Замечательны стихи Рубцова о поэзии: «Брал чело­век холодный мертвый камень», «Окошко. Стол. Половики», «Стихи из дома гонят нас», «Поэзия» и другие. В каждом из этих произведений подчёркивается своя мысль. «Окошко. Стол. Половики» — мысль о том, какой титанический труд должен приложить поэт, чтобы создать достойное стихотворение: у него смешались день и ночь, он не спит, ему ничто не в радость, он исписывает гору черновиков, пока не добьётся нескольких белых- пребелых чистовиков. «Брал человек холодный мёртвый камень»: даётся сравнение - высечение искры из слова сродни творчеству скульптора, который оживляет камень, но зато получение такой искры, приручение слова - большое счастье для поэта. «Стихи из дома гонят нас» - мысль о том, что поэт должен знать жизнь, находиться среди людей, нельзя довольствоваться только материаль­ными благами, наслаждаться домашним уютом - так ничего не напишешь; недаром вьюга, холодный ветер воет- воет на отопление паровое, на электричество и газ (бездомному Рубцову эти привычные горожанину блага представляются верхом цивилизации). Вот почему «стихи из дома гонят нас».

В 1969 году Николай Рубцов пишет стихотворение «Поэзия». Задача очень ответственная для литератора, сложная: дать в сущности в нескольких словах опреде­ление той отрасли искусства, которой посвящена твоя жизнь. Поэт прекрасно справился с этой задачей, создал тонкое, проникновенное произведение, изысканное по форме и художественным приёмам. Подчёркивается мысль: поэзия неотделима от жизни народа; родная история, старина, «дымные века», родная природа — вот что даёт душе истинную радость («Такая радость на душе струится...» ):

Железный путь зовёт меня гудками,

И я бегу... Но мне не по себе,

Когда она за дымными веками

Избой в снегах, лугами, ветряками

Мелькнет порой, покорная судьбе...

Много стихотворений Рубцова (или отдельные строки) посвящены поэтам и писателям, прежде всего классикам. Они привлекают точными и четкими характеристиками творцов и их эпохи, показывают кругозор автора, его начитанность, его пристрастия в литературе. Так, об А.С. Пушкине говорят произведения: «Поэзия», «О Пушкине»; о Лермонтове — «Дуэль»; о Тютчеве - «Я переписывать не стану», «Приезд Тютчева»; о Фете - «Я переписывать не стану»; о Кольцове — «Поэзия»; о Достоевском — «В гостях»; о Есенине — «Я люблю судьбу свою», «Последняя осень», «Сергей Есенин»; о Блоке и Хлебникове — «Я люблю судьбу свою». Перу Рубцова принадлежат также стихи о современных поэтах: «Последний пароход (Памяти А. Яшина)», «Последняя ночь» (о Дмитрии Кедрине), «Памяти Анциферова».

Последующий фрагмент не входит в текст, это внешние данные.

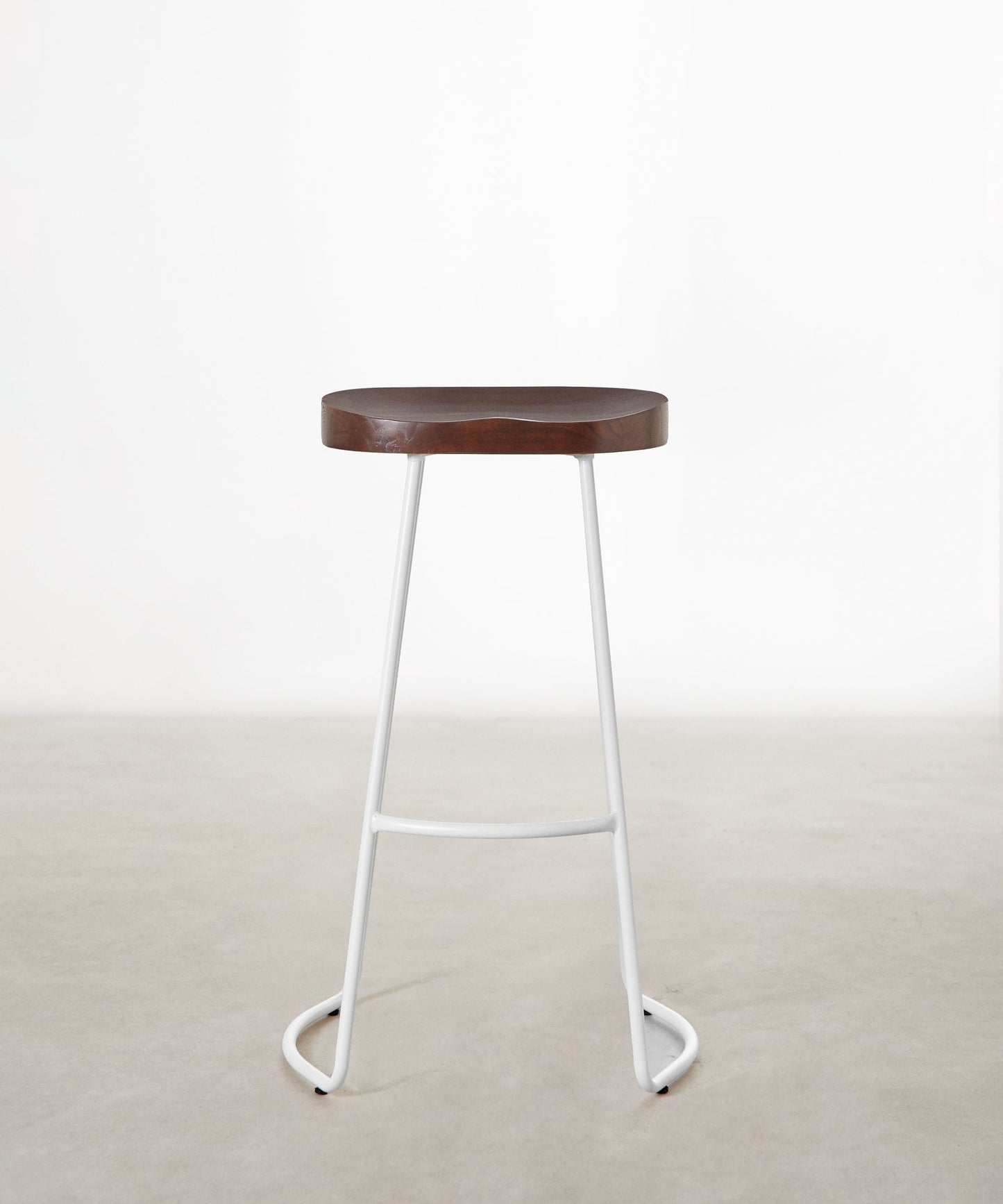 55534931902850 Taburete Alto Regulable en Acero y Madera Mel Taburetes Northdeco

Мы уже приводили удивительно ёмкую и точную характеристику Рубцовым А.С. Пушкина. А вот о Лермонтове:

Уже давно, как в Божью милость,

Он молча верил в смертный рок.

И сердце Лермонтова билось,

Как в дни обыденных тревог.

В стихотворении «Памяти Анциферова» пророчески звучат заключительные строки:

Но — пусто! Меж белых могил

Лишь бродит метельная скрипка...

Он нас на земле посетил.

Как чей-то привет и улыбка.

Не о себе ли самом сказал поэт эти слова?

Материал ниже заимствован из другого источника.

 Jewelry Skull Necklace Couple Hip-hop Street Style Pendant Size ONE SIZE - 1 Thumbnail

В своих воспоминаниях о Рубцове его друзья и знакомые рассказывают о том, как поэт делился с ними своими размышлениями о творчестве литераторов. Так, Василий Макеев, учившийся с Рубцовым в Литинституте, передаёт его критический отзыв о собственных стихах: «Есенин пел про Русь уходящую, я пою Русь ушедшую, а у тебя никакой нет!» Или вот такие слова Николая Михайловича: «Конечно, Есенин из меня не получится. И Боратынский тоже. А вот стать бы таким поэтом, как Никитин, как Плещеев! Ведь хорошие поэты, правда? Русские поэты, правда?»

Мечта Рубцова осуществилась: его творчество - прямое продолжение линии Есенин - Кольцов - Никитин, обогатившей и прославившей нашу литературу.